Meanwhile, politics in Washington—Barack Obama’s visit promising “normalization” in 2016, Donald Trump’s reversal of those policies and the election of Joe Biden—have once again made the relationship between the two nations a subject of debate.

US President Obama and Cuban leader Castro at Estadio Latinoamericano during Obama’s visit to Havana. [State Department photo/ Public Domain]

Barack Obama was the first US president in office, after President Calvin Coolidge in 1928, to visit Cuba in March 2016. Obama openly declared his opposition to the US embargo, telling Cubans that “we share the same blood,” echoing the words of his announcement of possible normalization on December 17, 2014: “Todos somos Americanos.” “We are all Americans.”

“Obama stated the obvious: Washington’s Cuba policy had never worked; there was no logical reason to continue it. He also broadcast his willingness to enter into bilateral talks with Cuba – without any preconditions” (p. 455). Ferrer is pleased with this. “Here was a modern American president using the word ‘American’ as something other than a synonym for the United States.”

However, with only eight months to live, 89-year-old Fidel Castro was not convinced. “The first thing we must consider,” he wrote in the state newspaper Granma, “is that our lives are but a fraction of a historical second and that humans tend to over-value their role in history” (p. 462).

Obama and Washington quickly provided proof of Fidel’s hypothesis. For instance, though Obama issued an executive order calling for the closure of the US detention center at Guantanamo, it has remained in use even up to today.

Ben Rhodes, the deputy national security adviser during Obama, who is credited in Ferrer’s book as the architect of the Obama administration’s all-too-brief normalization of relations with Cuba, told Ferrer that he wished he could have read “Cuba: An American History.” before starting that project.

When the 45th American president, Donald Trump, took office, not much was left of the Obama approach. Before Trump took office, he had already investigated the possibility of building hotels in Cuba, contrary to American law. The ban on money transfers was also reinstated, although Cubans in the United States were allowed to send cash aid to relatives on the island during the decades of embargo prior to Trump’s order in November 2020.

The current US government under Biden also says, in addition to empty expressions of support for the Cuban people, that its Cuba policy is “on pause”.

Ferrer’s story of long kinship and shared history could provide a strong foundation for better mutual understanding. But for now, both countries appear to be in the grip of paralysis and stasis. The main difference is that the US embargo strategy consistently fails to achieve its goal (assuming that the stated goal remains the overthrow of the Cuban government), while the Cuban government (with difficultly) manages to stay in power. The European Union is currently Cuba’s largest export and trade partner and the largest foreign investor on the island.

Looking from the outside

The capital of Cuba and by extension the island itself was once known as the ‘key to the New World’. Oliver Balch of Americas Quarterly therefore states: “Through the story of one small island, ‘Cuba: An American History’ allows Americans to see themselves through the eyes of others.”

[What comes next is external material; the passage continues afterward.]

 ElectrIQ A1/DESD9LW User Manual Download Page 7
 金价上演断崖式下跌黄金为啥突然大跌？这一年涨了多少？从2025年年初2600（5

More than a century ago, José Martí, Castro’s revolutionary muse, did the same thing in reverse. In New York in the 1880s and 1890s, Martí saw first-hand the harsh reality of economic and racial inequality—and decided his homeland needed to take a different route.

Martí hoped that true Cuban independence, reinforced by strong solidarity with the rest of Latin America, could keep the growing imperial power of the United States in check.

That is not the history Ferrer can tell. After the sugar boom, after World War I, “money, time, climate and proximity all contributed to Cuba’s popularity as a tourist destination for Americans. But so did something entirely different: American morality … and Prohibition, the ban on the production, transportation, and sale of alcohol” (p. 220). “Gambling, drinking, everything seemed to be legal in Cuba. And that became an important part of how Americans understood Cuba. US travelers extolled the island as a place where anything was possible” (p. 221).

Ferrer’s story could give Americans unexpected insights into their own nation’s history, and thus help them imagine a new relationship with Cuba. Or, as The Economist puts it: “Readers will end this fascinating book with a sense of hope.”

Hope

After all, Ferrer concludes her book with the hope that Cuba and the United States will have a future that is “more than the sum of the actions of the two governments in question.” The book convincingly shows that the past was much more than that.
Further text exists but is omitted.